Joe Rogan Endorsed Trump in 2024 but Is Now Condemning His Deportation Policies
Joe Rogan endorsed Donald Trump, but he's not down with the deportation of innocents.
Published April 3 2025, 2:57 p.m. ET

The Trump administration is moving forward with force on a variety of different policies that Trump discussed during the campaign. While stock brokers continue to freak out over his tariffs, news of his deportation policies has also begun to make waves.
One person who seems to be quite upset by the mass deportation policy is Joe Rogan, one of the most famous and popular podcasters on the planet. Rogan endorsed Trump during the 2024 election, but many want to know what he's said about the president more recently. Here's what we know.

Why did Joe Rogan break with Trump?
On an episode of The Joe Rogan Experience released on March 30, Rogan referred to the Trump administration's recent deportation operations as "horrific."
“You got to get scared that people who are not criminals are getting, like, lassoed up and deported and sent to, like, El Salvador prisons,” he explained. Specifically, Rogan discussed the deportation of Andry José Hernández Romero, a makeup artist and hairdresser from Venezuela who was seeking asylum in the U.S.
Romero was deported to El Salvador in March after the Trump administration suggested that he belonged to the Venezuelan gang Tren de Aragua. As evidence, they cited his tattoos, which include a pair of crowns on his wrists that read "mom" and "dad."
Rogan suggested that deporting people who had done nothing wrong and taking them to a country that is not where they came from is counterproductive.
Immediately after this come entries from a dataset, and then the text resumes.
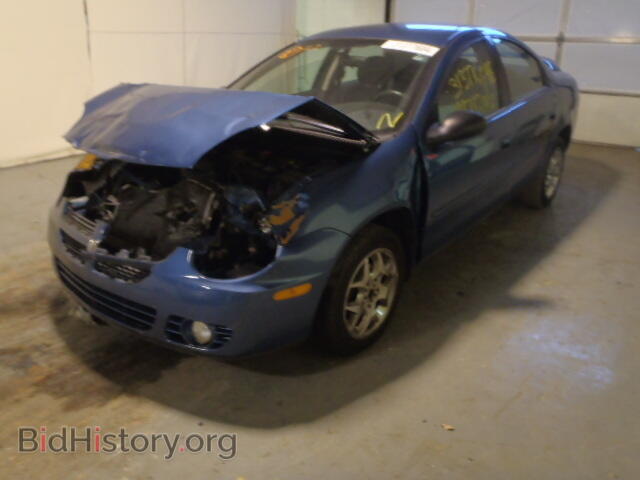 2003 DODGE NEON - VIN: 1B3AS56C73D207514 - Фото 2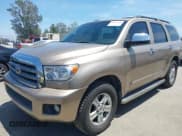 ✅ 2008 Toyota Sequoia Limited • VIN: 5TDZY68A48S001712 • Lot: 42338560. Wystawiony na IAAI z przebiegiem 164 616 mil. Bezpłatny archiwum sprzedaży aukcyjnych z USA i szczegółowy raport historii pojazdu na DreamBid. Zdjęcie 2.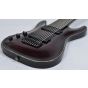 Schecter Hellraiser C-9 Left-Handed Electric Guitar Black Cherry sku number SCHECTER1782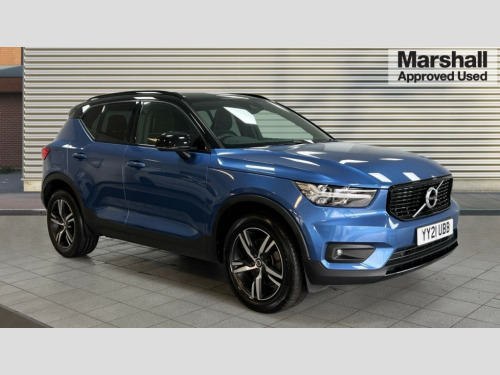 Volvo XC40  XC40 2.0 B4P R DESIGN 5dr Auto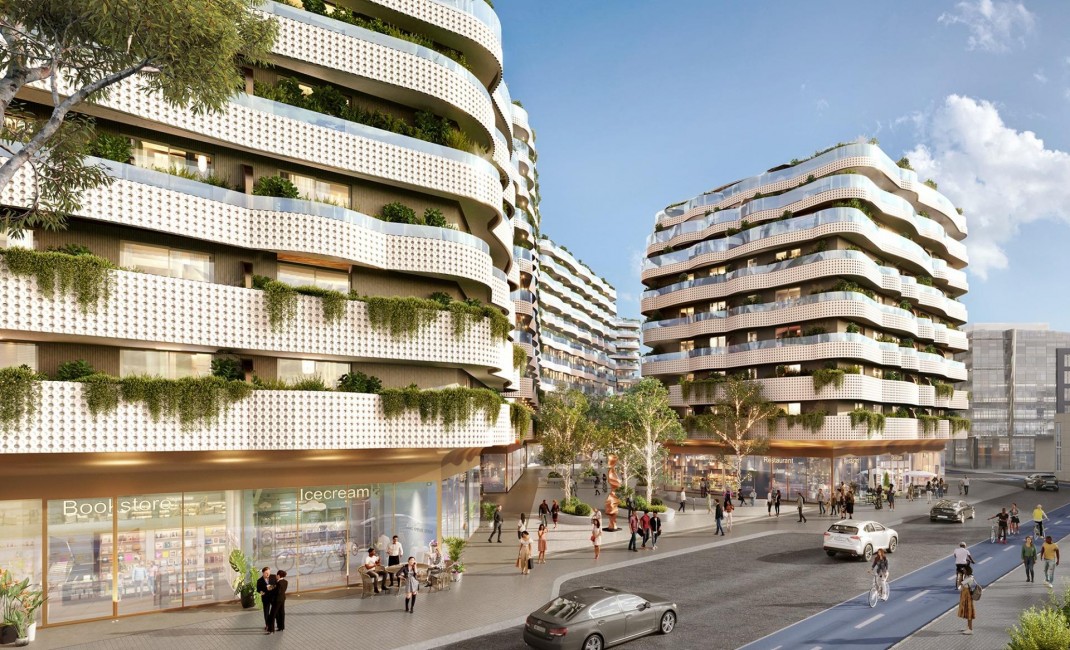 New Build - Apartment - La Linea De La Concepcion
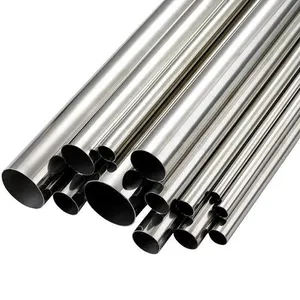 Astm A312 Stainless Steel Pipe 50mm Diameter Stainless Steel Pipe Nipple Flexible Pipe Stainless Steel For Radiator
“That’s bad for the cause,” Rogan said. “The cause is, ‘Let’s get the gang members out,’ everybody agrees. But let’s not [let] innocent gay hairdressers get lumped up with the gangs, and then, like, how long before that guy can get out? Can we figure out how to get him out? Is there any plan in place to alert the authorities they’ve made a horrible mistake and correct it?”
Romero was one of 200 people who were deported after Trump invoked the Alien Enemies Act, a 1798 law that had only been used in wartime before.
While Rogan has always prided himself on being a free thinker, this kind of break could suggest that there are cracks starting to form in the coalition that helped to elect Trump as president.
While immigration has tended to be favorable terrain for Trump, these stories of innocent people being swept up in raids and deported have left many questioning whether Trump and his team care that much about who they're grabbing as they execute their deportation policies. When anyone with tattoos who wasn't born here can be sent to a prison in El Salvador, it suddenly seems like anyone at all could be taken for any reason.
Rogan has been hugely sympathetic to Trump's broader goals. It's telling, then, that even he doesn't think the ends will justify the means in this case, meaning that even though he might want gang members taken, he doesn't necessarily think America should be the kind of country that just randomly grabs people off the street.